Generally, Romania’s tax laws have been perceived by investors as far from stable and predictable, suffering hundreds of amendments, both large and small, in the last few years, with 2017 (which followed general parliamentary elections) at the top in the number of proposed tax changes. Some of these proposals have been adopted (most notably, the reshaping of the social contribution system and the lowering of the personal income tax rate to ten percent, both of which entered into force in 2018). Others have been abandoned (e.g., plans to introduce a globalized tax system for personal income) or drastically limited (e.g., the very burdensome VAT split payment system, initially intended to apply to all companies as a way to reduce VAT leakage, is applicable in the end only in limited situations).

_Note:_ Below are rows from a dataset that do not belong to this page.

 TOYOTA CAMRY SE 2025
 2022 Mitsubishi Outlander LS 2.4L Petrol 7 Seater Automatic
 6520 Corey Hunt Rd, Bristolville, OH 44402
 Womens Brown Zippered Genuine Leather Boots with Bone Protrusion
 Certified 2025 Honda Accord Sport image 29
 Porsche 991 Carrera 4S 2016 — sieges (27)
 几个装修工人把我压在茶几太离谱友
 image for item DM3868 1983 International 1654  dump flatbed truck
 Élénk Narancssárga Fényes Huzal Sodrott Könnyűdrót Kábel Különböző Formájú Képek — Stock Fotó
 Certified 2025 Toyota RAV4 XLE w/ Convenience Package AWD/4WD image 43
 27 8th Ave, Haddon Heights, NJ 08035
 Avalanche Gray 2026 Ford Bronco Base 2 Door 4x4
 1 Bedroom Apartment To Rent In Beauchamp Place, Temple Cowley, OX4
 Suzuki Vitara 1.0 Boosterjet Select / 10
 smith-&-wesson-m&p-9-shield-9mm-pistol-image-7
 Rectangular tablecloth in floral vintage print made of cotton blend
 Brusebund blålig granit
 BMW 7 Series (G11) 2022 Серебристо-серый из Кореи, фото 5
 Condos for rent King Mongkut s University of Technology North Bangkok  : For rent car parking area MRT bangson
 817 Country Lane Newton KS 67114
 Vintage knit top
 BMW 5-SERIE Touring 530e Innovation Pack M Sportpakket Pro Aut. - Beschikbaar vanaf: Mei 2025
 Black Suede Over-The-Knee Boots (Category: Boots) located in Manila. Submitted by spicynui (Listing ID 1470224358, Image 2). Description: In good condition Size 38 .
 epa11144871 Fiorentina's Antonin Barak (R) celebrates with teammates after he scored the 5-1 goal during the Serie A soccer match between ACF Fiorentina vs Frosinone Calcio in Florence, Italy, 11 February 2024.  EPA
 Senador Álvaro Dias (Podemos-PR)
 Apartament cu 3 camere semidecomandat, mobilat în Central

Fortunately, the tax environment has avoided further other major changes in 2018. And this is a good time for businesses active in Romania to take advantage of the country’s competitive tax system. The 16 percent flat rate for corporate income tax is one of the lowest in the EU, combined with an alternative treatment for small enterprises which can pay a turnover tax of one percent for turnover up to EUR 1 million. In addition, the standard dividend tax has been reduced to five percent, while the 19 percent VAT rate is below the average standard rate applicable in the EU. Labor taxation is relatively high (i.e., slightly above 40 percent of the combined effect of income tax and social contributions on employer’s aggregate payroll costs), with no caps for individual social contributions; still, this burden does not grossly deviate from the average costs incurred by employers in other countries from the region, while it is at the low end when compared with other western EU countries. In addition, IT sector professionals are exempt from the ten percent individual income tax.
Importantly, in the context of current trends at EU and international levels, due to the implementation of anti-abuse and anti-BEPS (base erosion and profit shifting) actions, Romania may boost its role as a holding hub for local and regional investors, who may consider re-routing their investments from traditional holding locations. Thus, Romania benefits from a favorable local holding treatment and a vast number of Double Taxation Treaties concluded with various countries. Subject to certain shareholding conditions, investment outcomes such as dividends and capital gains can transit efficiently through Romanian holding companies with no tax burden.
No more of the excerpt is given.